Vehicle manufacturers have committed significant investment to zero emission technologies, but the trade body argues that the current mandate is moving ahead of market demand. Where consumer uptake does not keep pace, manufacturers can be pushed toward discounting, credit strategies, model mix adjustments, or production decisions that weaken margins and complicate factory planning.
The UK also competes for model allocation against plants in Europe, Asia, and North America, many of which operate with lower industrial energy costs, larger domestic markets, or more direct state support. Recent measures, including DRIVE35 funding and action on electricity costs, have been welcomed by industry, although companies still need long-term certainty before committing capital to tooling, factory upgrades, and supply chain localisation.
Electric vehicle manufacturing changes the structure of the supply base as well as the drivetrain. Batteries, drive units, motors, power electronics, software, thermal systems, castings, wiring, and lightweight materials carry different manufacturing requirements from internal combustion engine platforms. Holding assembly work in the UK will increasingly depend on whether the surrounding component base develops at sufficient depth.
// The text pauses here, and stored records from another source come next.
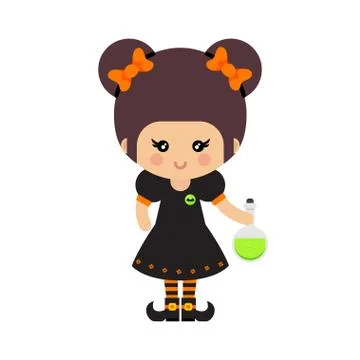 Cartoon cute witch vector with magic potion Illustrazione stock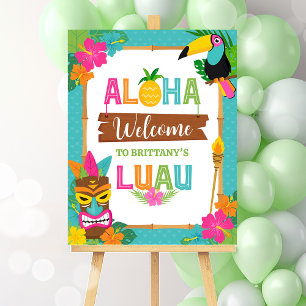 Luau Aloha Hawaiian Tropical Birthday Welcome Poster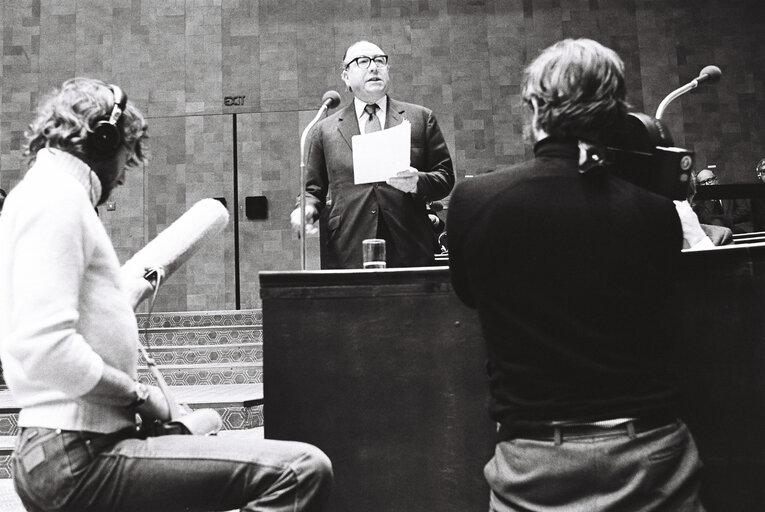 European Commission President Roy JENKINS during the plenary session from December 11 to 15, 1978, in Luxembourg.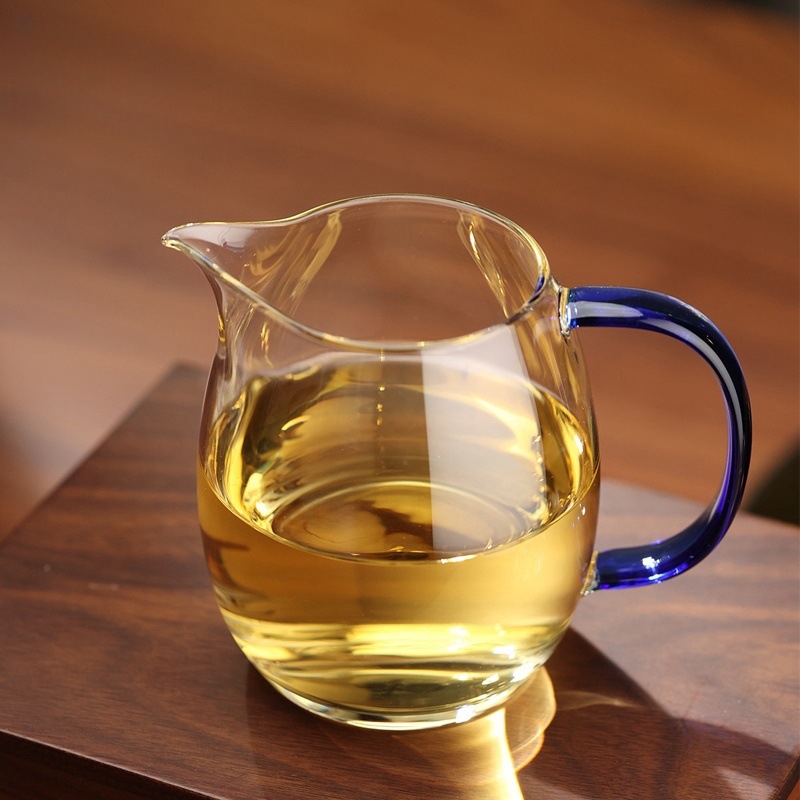Set de ceai din sticlă borosilicat cu mâner colorat, ceșuță de ceai uniformă și recipient pentru ceai, rezistent la temperaturi înalte și foarte transparent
European competitors are already industrialising parts of that transition. Mercedes-Benz’s move to produce axial flux motors at Berlin-Marienfelde demonstrates how electrification is becoming a manufacturing discipline involving advanced joining, automated process control, and AI-based inspection. The same shift is pulling more value into electric powertrains, electronics, software, and high-precision manufacturing.
The UK has strong assets in high-value engineering, design, motorsport, specialist vehicles, power electronics, and advanced materials. Those strengths can support the transition, but they do not remove the need for competitive production conditions. Automotive plants are capital-intensive and operate on long model cycles, which means uncertainty around tariffs, energy, regulation, and demand can affect decisions years before a vehicle reaches production.
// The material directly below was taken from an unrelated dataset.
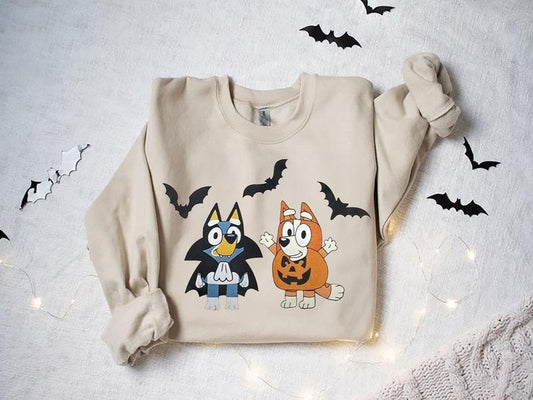 Bluey And Bingo, Halloween Shirt, Spooky Season Sweatshirt, Bluey Shirt, Halloween Sweatshirt, Trick or Treat, Halloween Gift For Herstyle{n002}2
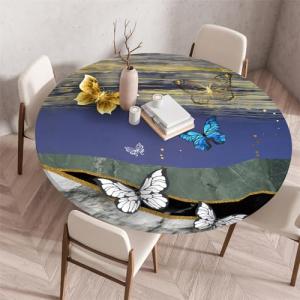 Chickwin Mantel Redondo Antimanchas con Bordes Elástica, Es…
The ZEV Mandate adds operational pressure because compliance is tied to sales mix rather than factory readiness alone. If charging infrastructure, vehicle pricing, finance, insurance, and residual values do not move in line with the mandate, manufacturers are left managing the gap through commercial mechanisms that do little to improve plant productivity.
German automotive manufacturers are already under pressure as electrification costs, software development, Chinese competition, and tariffs reshape the market. The same pressures are visible across Europe, where production decisions are increasingly influenced by the combined strength of industrial policy, energy markets, component supply, and consumer demand.
UK automotive now needs conditions that match the scale of the transition. Predictable trade access, competitive power costs, workable regulation, skilled labour, and domestic supply chain depth will decide whether zero emission vehicle production remains a national manufacturing strength or becomes another area where design, branding, and sales remain local while volume production moves elsewhere.